Your task:
How many lines in the records below contain the word "Jeep"? Reply with that number only.

───

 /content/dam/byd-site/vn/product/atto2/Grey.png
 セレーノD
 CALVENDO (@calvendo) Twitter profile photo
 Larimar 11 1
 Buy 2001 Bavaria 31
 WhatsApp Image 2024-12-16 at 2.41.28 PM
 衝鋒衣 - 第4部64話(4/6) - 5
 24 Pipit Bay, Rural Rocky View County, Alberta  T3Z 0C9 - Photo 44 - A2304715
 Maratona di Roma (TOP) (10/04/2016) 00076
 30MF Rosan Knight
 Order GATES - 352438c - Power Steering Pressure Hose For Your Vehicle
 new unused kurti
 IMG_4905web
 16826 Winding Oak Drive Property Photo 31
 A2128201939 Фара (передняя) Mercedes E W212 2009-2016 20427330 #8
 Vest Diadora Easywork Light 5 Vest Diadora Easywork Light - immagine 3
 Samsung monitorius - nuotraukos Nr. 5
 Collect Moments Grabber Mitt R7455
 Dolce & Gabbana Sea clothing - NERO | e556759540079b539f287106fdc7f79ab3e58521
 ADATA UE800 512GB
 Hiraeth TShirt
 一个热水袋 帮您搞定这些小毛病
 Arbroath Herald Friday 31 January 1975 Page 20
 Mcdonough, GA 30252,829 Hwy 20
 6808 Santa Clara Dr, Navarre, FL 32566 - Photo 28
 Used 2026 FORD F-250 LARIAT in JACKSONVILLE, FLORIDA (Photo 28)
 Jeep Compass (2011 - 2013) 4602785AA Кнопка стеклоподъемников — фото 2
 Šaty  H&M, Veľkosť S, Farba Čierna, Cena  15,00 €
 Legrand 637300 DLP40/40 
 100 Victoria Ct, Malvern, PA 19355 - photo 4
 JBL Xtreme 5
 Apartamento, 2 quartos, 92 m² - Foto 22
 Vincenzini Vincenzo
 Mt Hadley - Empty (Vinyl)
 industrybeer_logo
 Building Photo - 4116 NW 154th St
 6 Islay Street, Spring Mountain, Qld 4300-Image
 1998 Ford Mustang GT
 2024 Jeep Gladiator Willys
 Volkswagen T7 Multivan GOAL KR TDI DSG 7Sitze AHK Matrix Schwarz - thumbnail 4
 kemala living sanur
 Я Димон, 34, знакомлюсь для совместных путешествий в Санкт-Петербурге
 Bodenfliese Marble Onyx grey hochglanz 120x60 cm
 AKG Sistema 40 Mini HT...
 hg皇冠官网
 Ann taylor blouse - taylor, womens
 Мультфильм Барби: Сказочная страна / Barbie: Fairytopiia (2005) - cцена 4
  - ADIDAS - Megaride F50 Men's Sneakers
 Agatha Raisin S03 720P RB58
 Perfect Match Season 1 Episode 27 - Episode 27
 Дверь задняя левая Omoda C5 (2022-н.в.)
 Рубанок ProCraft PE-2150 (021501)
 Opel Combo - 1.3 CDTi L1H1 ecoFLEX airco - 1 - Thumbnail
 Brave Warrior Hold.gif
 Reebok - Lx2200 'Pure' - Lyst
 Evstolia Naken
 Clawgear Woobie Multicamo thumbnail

───

Result:
2